On quantum backpropagation, information reuse, and cheating measurement collapse
Amira Abbas, Robbie King, Hsin-Yuan Huang, William J. Huggins, Ramis Movassagh, Dar Gilboa, Jarrod R. McClean
TL;DR
This work analyzes whether parameterized quantum models can achieve backpropagation-like training efficiency. It introduces an online shadow tomography framework to reuse information across layers, showing that single-copy access cannot yield backpropagation scaling in general, while multi-copy access with gentle measurements can approach the classical gradient scaling in quantum resources, albeit with potentially exponential classical overhead.

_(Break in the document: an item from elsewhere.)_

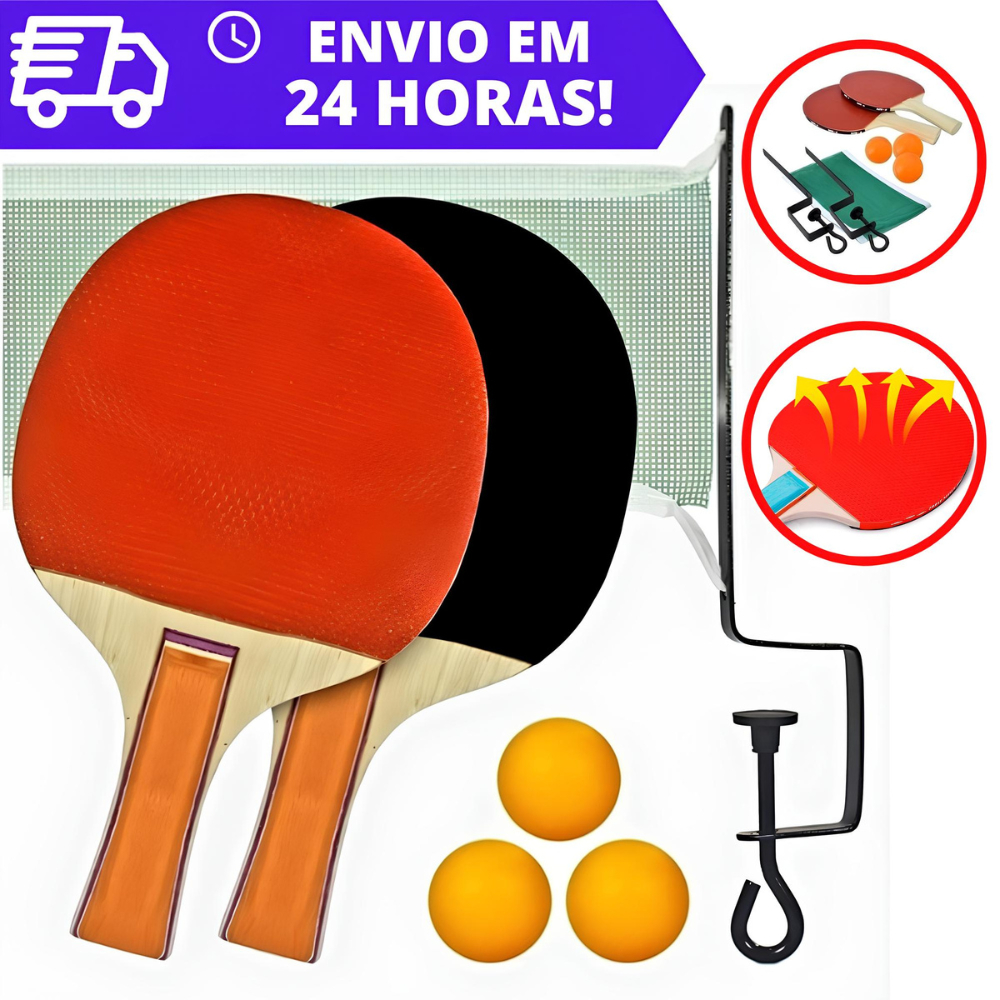 KIT Ping Pong Tênis de Mesa C/ 2 Raquetes Anatômicas, 3 Bolas, 1 Rede e 2 Suportes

A concrete quantum-efficient protocol reduces quantum gradient costs to $O(M\,\mathrm{polylog}(M))$ operations at the expense of storing a hypothesis state, and its connection to shadow tomography demonstrates fundamental limits tied to efficiently learning observables. The paper also proves that fully gentle strategies alone cannot suffice due to Grover-type bounds, and discusses approximate schemes (e.g., tensor networks) as practical avenues. Overall, it clarifies the nuanced landscape of training large quantum models and motivates targeted architectural or approximation-based approaches for scalable quantum learning.
Abstract
The success of modern deep learning hinges on the ability to train neural networks at scale. Through clever reuse of intermediate information, backpropagation facilitates training through gradient computation at a total cost roughly proportional to running the function, rather than incurring an additional factor proportional to the number of parameters - which can now be in the trillions. Naively, one expects that quantum measurement collapse entirely rules out the reuse of quantum information as in backpropagation. But recent developments in shadow tomography, which assumes access to multiple copies of a quantum state, have challenged that notion. Here, we investigate whether parameterized quantum models can train as efficiently as classical neural networks. We show that achieving backpropagation scaling is impossible without access to multiple copies of a state. With this added ability, we introduce an algorithm with foundations in shadow tomography that matches backpropagation scaling in quantum resources while reducing classical auxiliary computational costs to open problems in shadow tomography. These results highlight the nuance of reusing quantum information for practical purposes and clarify the unique difficulties in training large quantum models, which could alter the course of quantum machine learning.